Lorsqu'on me demande ce qu'est mon activité professionnelle, j'ai coutume de répondre que je suis universitaire et juriste. J'attache beaucoup d'importance à cette double qualité qui marque mon appartenance à deux mondes – l'un académique et l'autre juridique – qui ont chacun leur code. Souvent convergents, ces codes diffèrent parfois, ce qui est une source constante d'enrichissement personnel. J'espère que l'expérience ainsi acquise vous convaincra de l'intérêt de mon intégration au CSM.
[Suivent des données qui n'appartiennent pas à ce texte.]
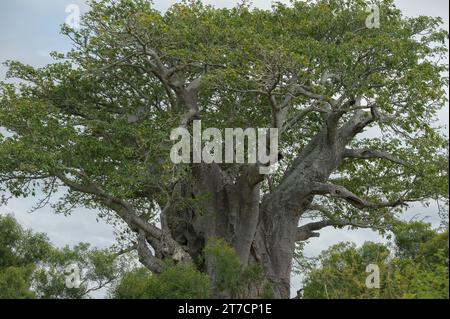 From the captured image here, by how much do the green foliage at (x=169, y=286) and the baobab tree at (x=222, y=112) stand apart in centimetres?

Universitaire, j'ai, après l'obtention de mon doctorat en 1999, rejoint l'enseignement supérieur en 2000 comme maître de conférence à l'Université de Reims Champagne-Ardenne. J'ai passé le concours de l'agrégation de droit privé et sciences criminelles qui m'a permis d'être nommée professeure en 2003 à l'Université de Bretagne-Sud. En 2007, j'ai été mutée à l'Université de Versailles Saint-Quentin-en-Yvelines où j'occupe actuellement mon poste. Ces quelque vingt années de carrière universitaire m'ont permis d'acquérir certaines des qualités attendues des enseignants-chercheurs : l'éthique personnelle, le goût du travail, la capacité non seulement d'abstraction mais aussi de prise avec le réel, la pédagogie, le sens des responsabilités collectives et plus généralement le sens du service public. Je crois pouvoir faire bon usage de ces qualités au service du CSM.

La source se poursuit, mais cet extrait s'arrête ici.